He was a poet and hymn writer, though in this respect excelled by his gifted sister, Annie, whose, brief but highly valued service was cut short by her death in 1855. More than this, Uriah Smith developed a prose style clear, concise, emphatic, and sometimes with a cast of gentle irony, which made his editorials delightful reading. His reasoning was close, well based, and convincing. Perhaps the mechanical excellence of all his work, manual and mental, tended to form his style with a solidity that lacked the flexibility of some others; yet often it rises into sublime periods and is graced with delicate art.
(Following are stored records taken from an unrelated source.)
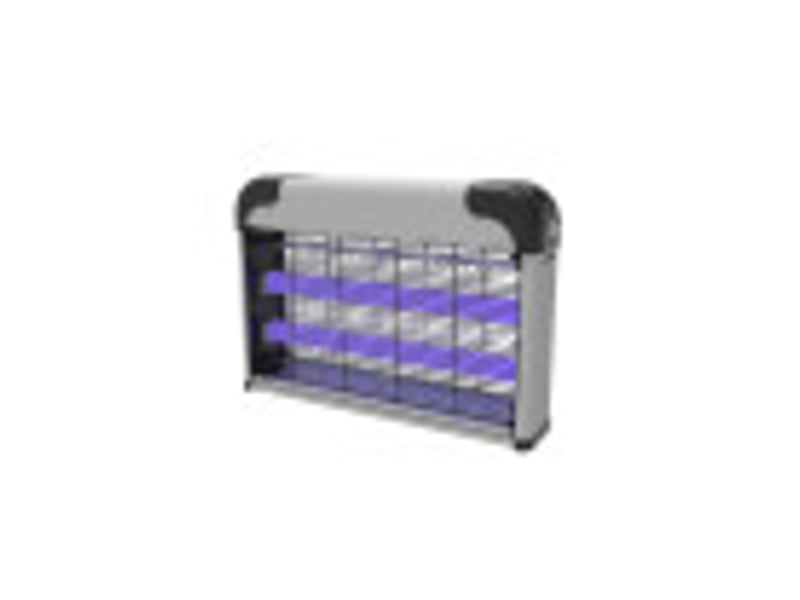  Fabrilamp diablo destructeur d'insectes électrique 20 w, 2 tubes uv, portée 40 m2, gris et noir 211420045 - Conforama B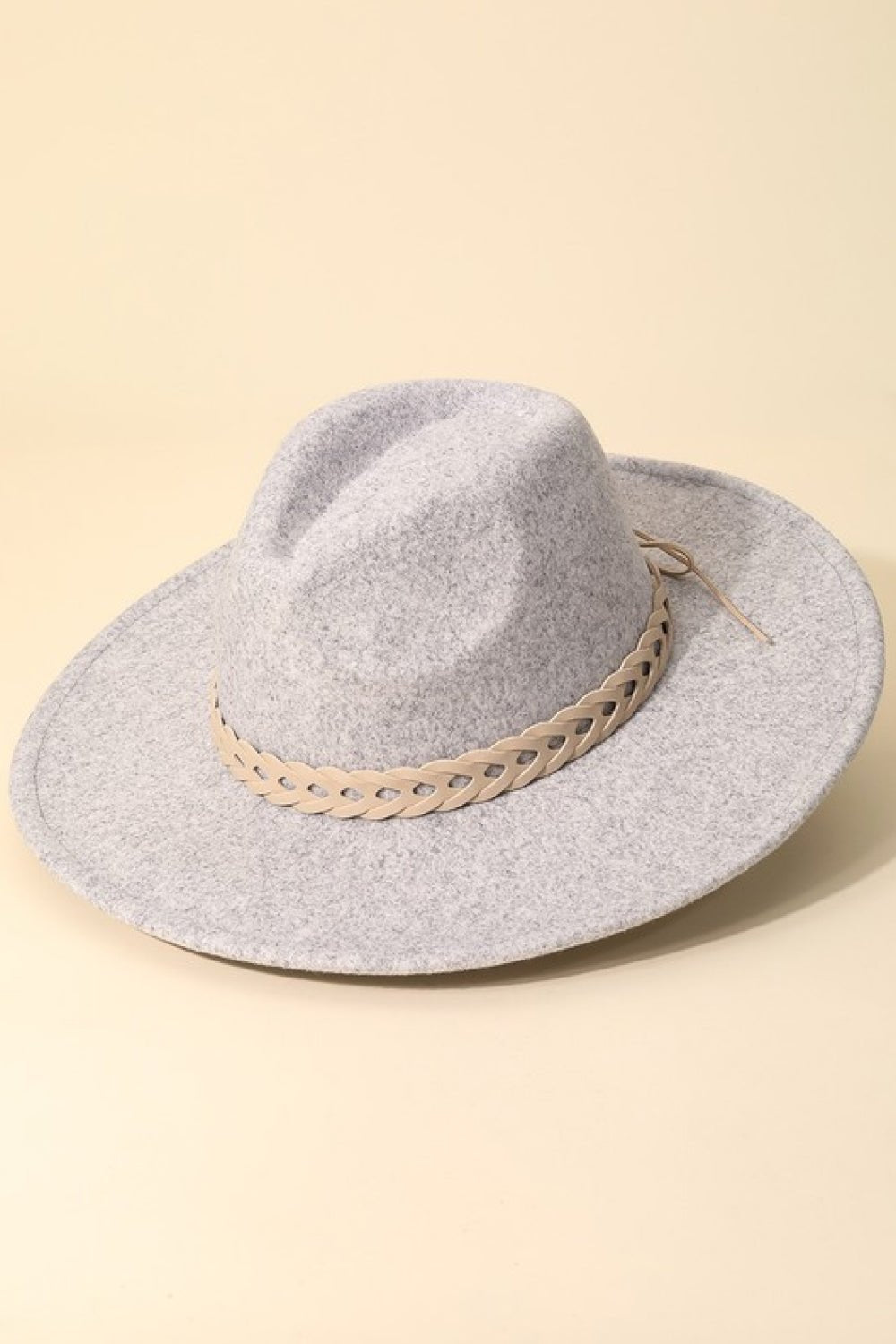 Fame Woven Together Braided Strap Fedora - Guy Christopher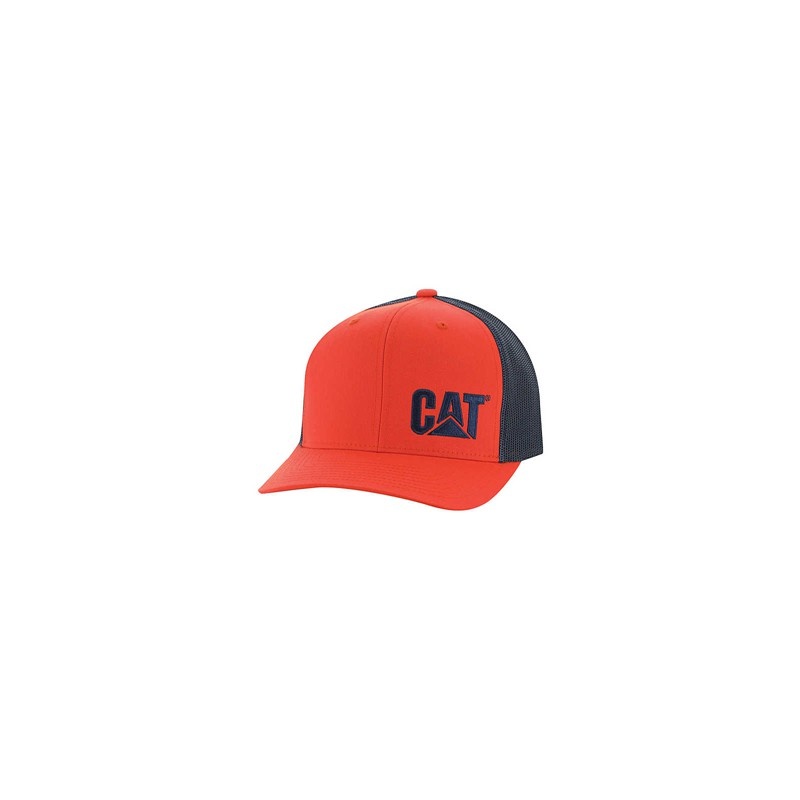 CatFootweat Cat Trademark Trucker Hat 作業着 レディース オレンジ | 5924-UWLST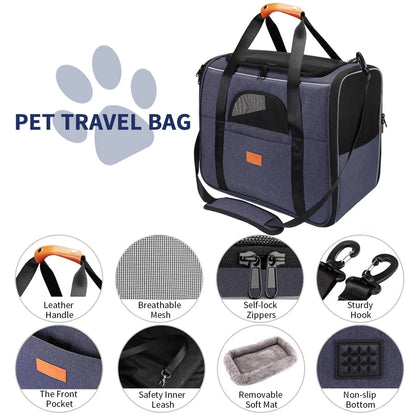 Durable Safe Locking Zipper Pet Carrier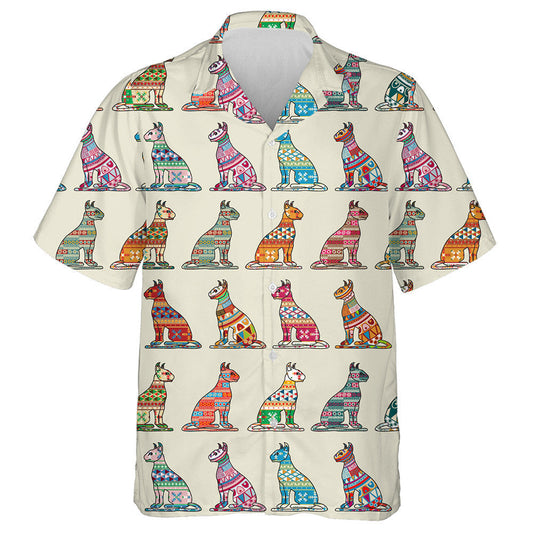 Cartoon Decorative Cats In Vintage Style Hawaiian Shirt, Hawaiian For Gift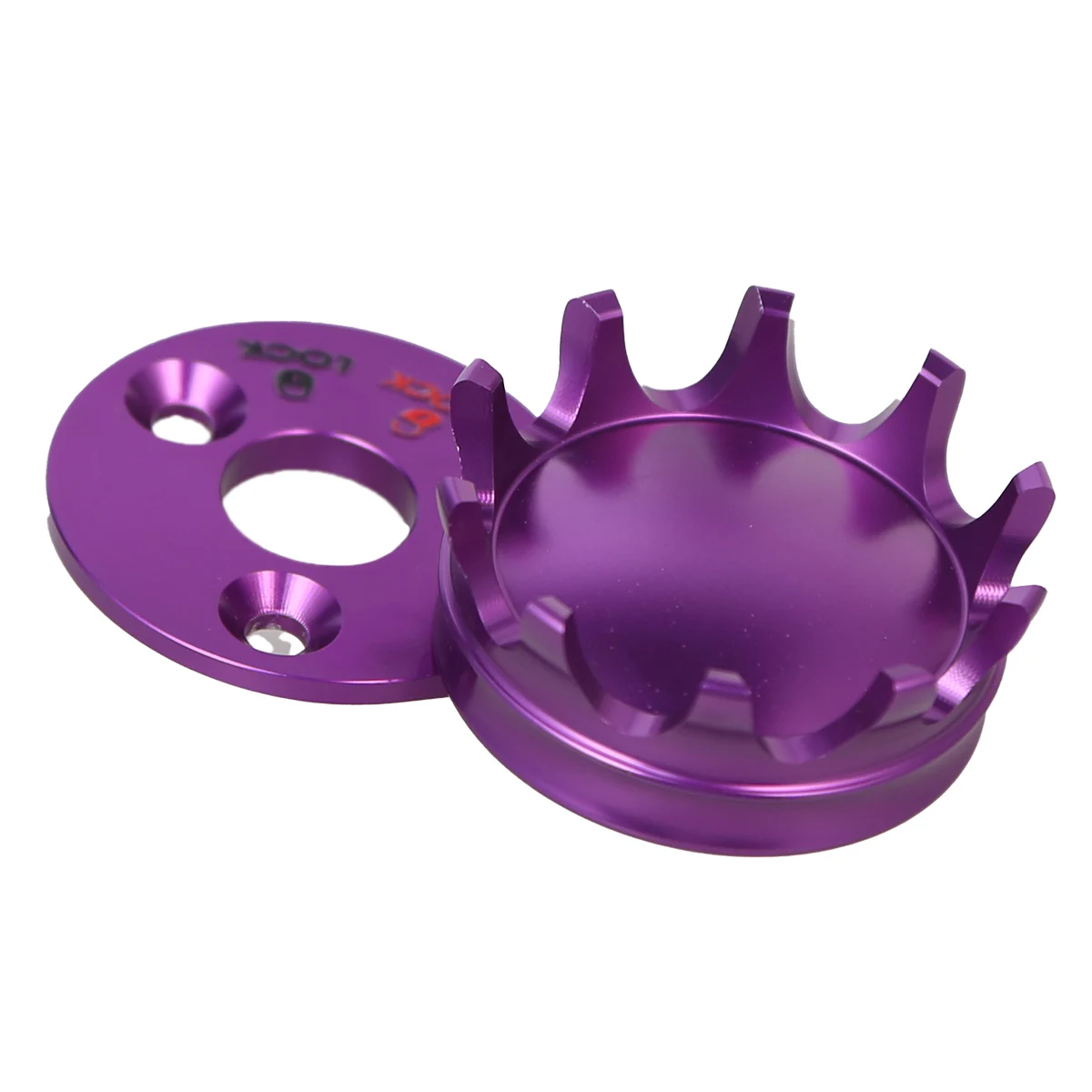 Motorcycle Red Orange Purple Fork Lock Crown shaped Cover For Harley 94-23 Road King FLHR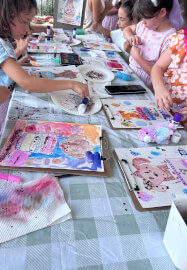 Mobile Paint and Sip Class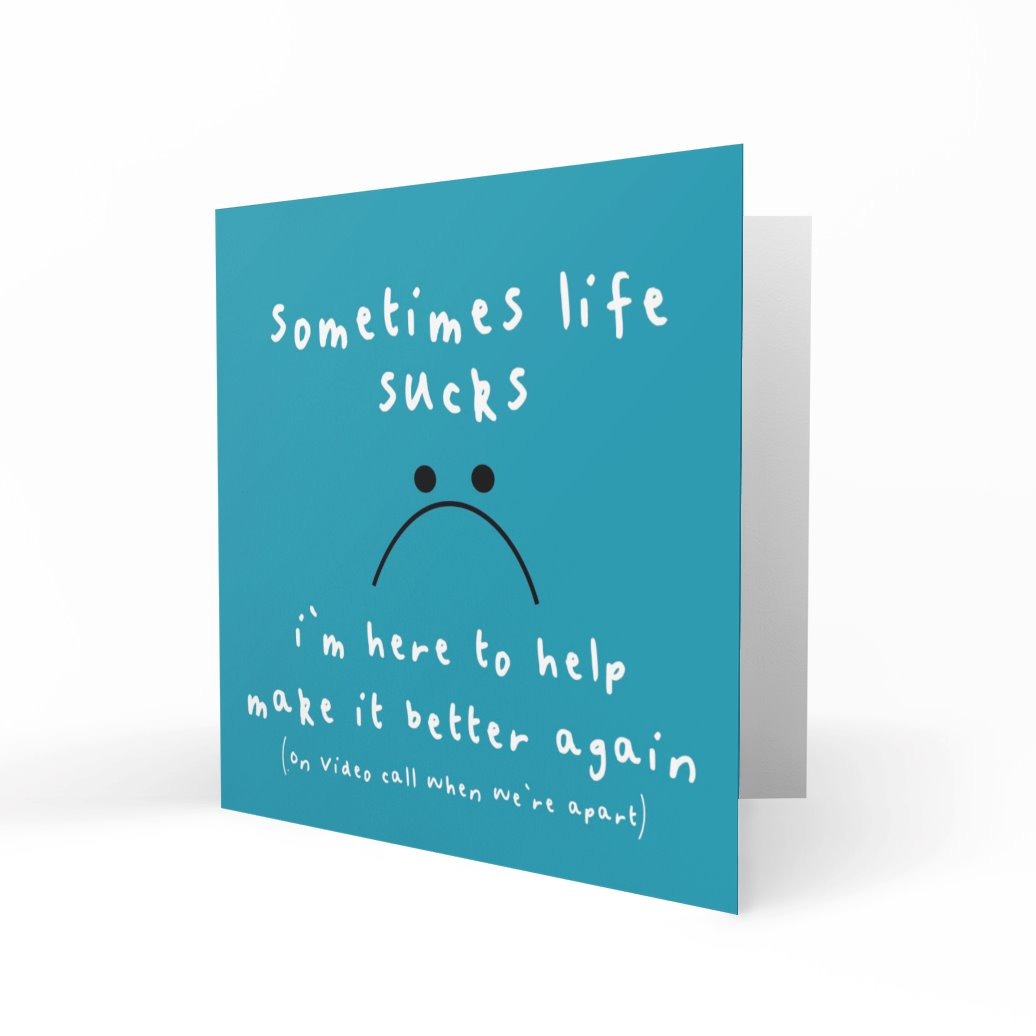 'Sometimes Life Sucks' Greeting Cards Paper Heart 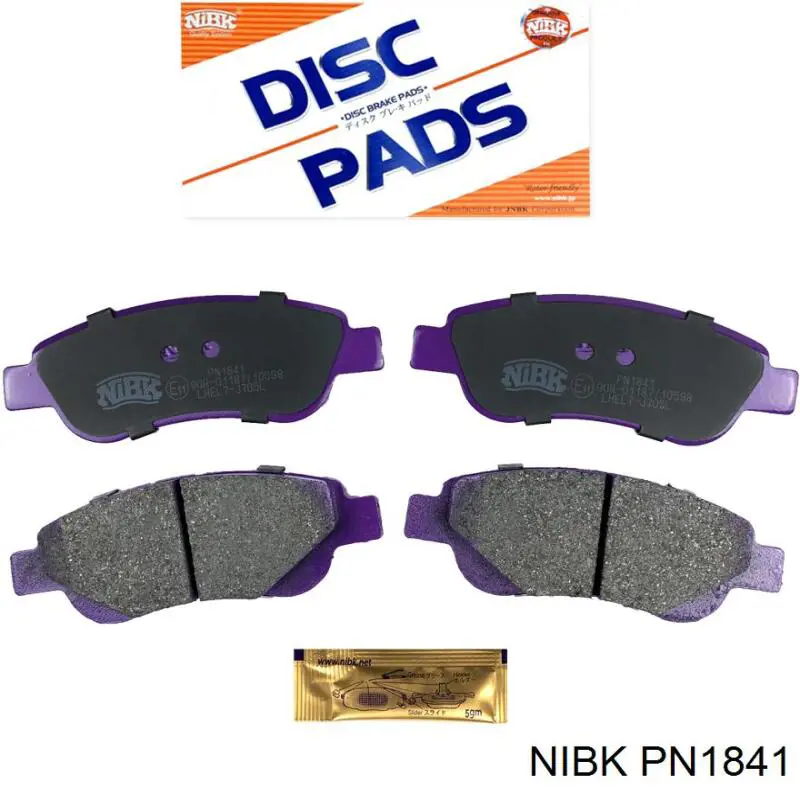 Гальмівні колодки Nibk PN1841 ціна, від 19.55 USD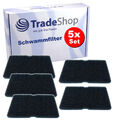 5x Schaumstoff-Filter für Beko DS7333RX0 DS7333PX0 DS7332PX0 DS733120PX0BX 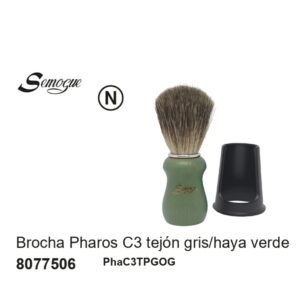 Brocha Semogue Pharos C3 Tejón gris/haya verde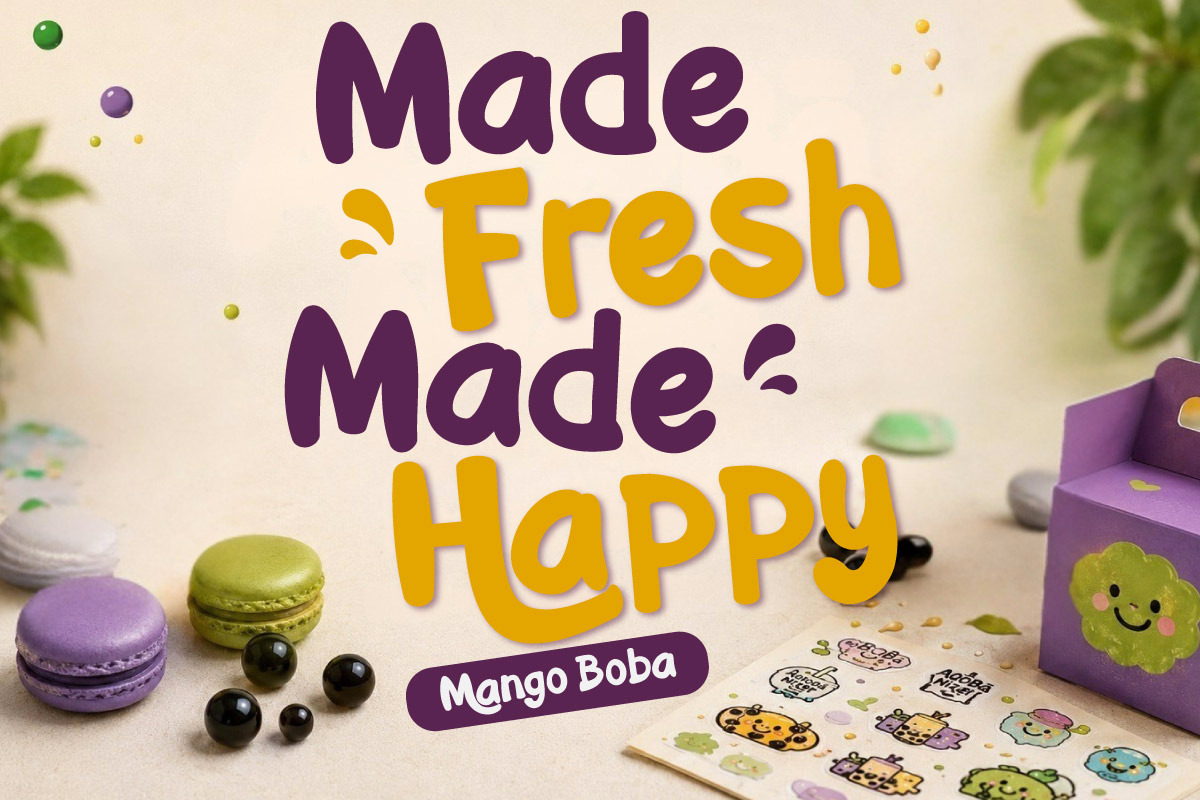 Aoboba Nizer - Boba Display Font, a Handwritten Font by productype1 (Photo 3 of 11)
Besides some poetical works, he wrote several books upon Bible subjects. His greatest and most enduring work. Thoughts on Daniel and the Revelation, which has gone through many revisions and editions, is still, despite various later commentaries, the standard classic in its field. He began it, while still a young man, as a tentative series of articles in the church paper, drawing from the editor, James White, the dubitable commendation that it was indeed “thoughts,” not an oracle. But growing in breadth and depth and power as the youthful student searched his sources and his soul, it became one of the chief weapons in the arsenal of Seventh day Adventist exegesis. Published at first as two separate volumes, the two became one when, in 1881, George King proposed their combination, with illustrations, and established with the single volume the beginning of the great colporteur work for which this church has become noted.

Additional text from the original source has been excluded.